There are reasons why India abstained from joining a formal promise to step up efforts to tap green energy sources more.
It is surprising that India was not among the 118 nations that signed the Global Renewables and Energy Efficiency Pledge at the climate summit in Dubai to triple the installed renewable energy capacity by the turn of the decade. The reluctance to commit to a scaling up of energy ambitions to increase renewable energy sources to 11,000 GW is, however, not shocking. There are reasons why India abstained from joining a formal promise to step up efforts to tap green energy sources more.
Primarily, India’s per capita carbon footprint is far less than any of the major polluters. As Prime Minister Narendra Modi pointed out in his address to the summit during his flying visit, India may be the world’s most populous country housing 17 per cent of the world’s 8.1 billion people, but it is responsible only for about four percent of global emissions.
The second factor in the energy scenario is India’s rising electricity consumption might preclude it from committing to meet more of it from renewable sources in the short term. India’s dependence on coal can only be seen rising to accommodate the near seven per cent rise in annual consumption as the economy grows.
It has installed 170 KW capacity from renewable sources and is committed to almost triple that to 500 KW by 2030. The difference would not be impossible to bridge when it comes to tripling its energy from low carbon sources, including hydroelectric, to 540 KW to keep in step with global ambitions.

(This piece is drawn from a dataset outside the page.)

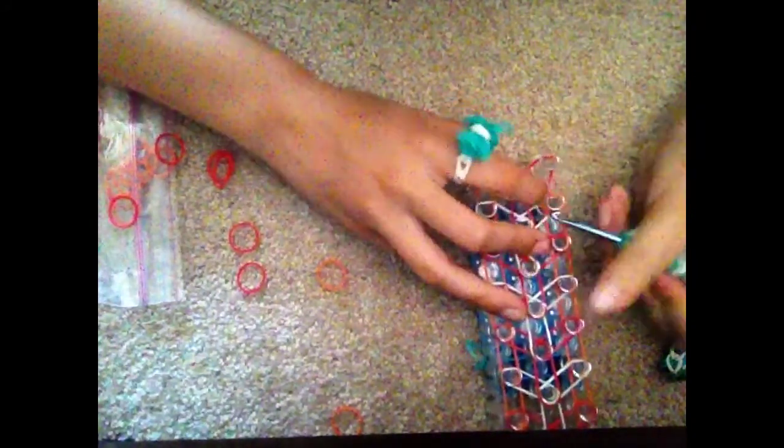Now we are going to begin our first hooking process once this is completed. Turning our loom around and taking our hook — the red arrow should be pointing towards us. We're going to go underneath the first band, pulling it away, and grabbing the orange band, and pulling it up over to the peg in front.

It may be paradoxical that India, when holding the G20 presidency for the year, had promoted the idea of this pledge. But, as in stating its desire to host the climate summit in 2028, India had shown that it stays committed to helping keep the planet under the warming limits that scientists believe may do lesser harm to the environment and try and lessen the possibly five million premature deaths a year that can be attributed to air pollution from burning fossil fuels of coal, oil, and gas.
The thrust of COP28 will be to sort the big issue of equitable financing for climate action, besides technology, innovation, inclusion, and frontline communities that are to be discussed before it winds down on Dec. 12. India will still aim to be a major partner to the efforts needed to try and keep warming under the 1.5 C threshold.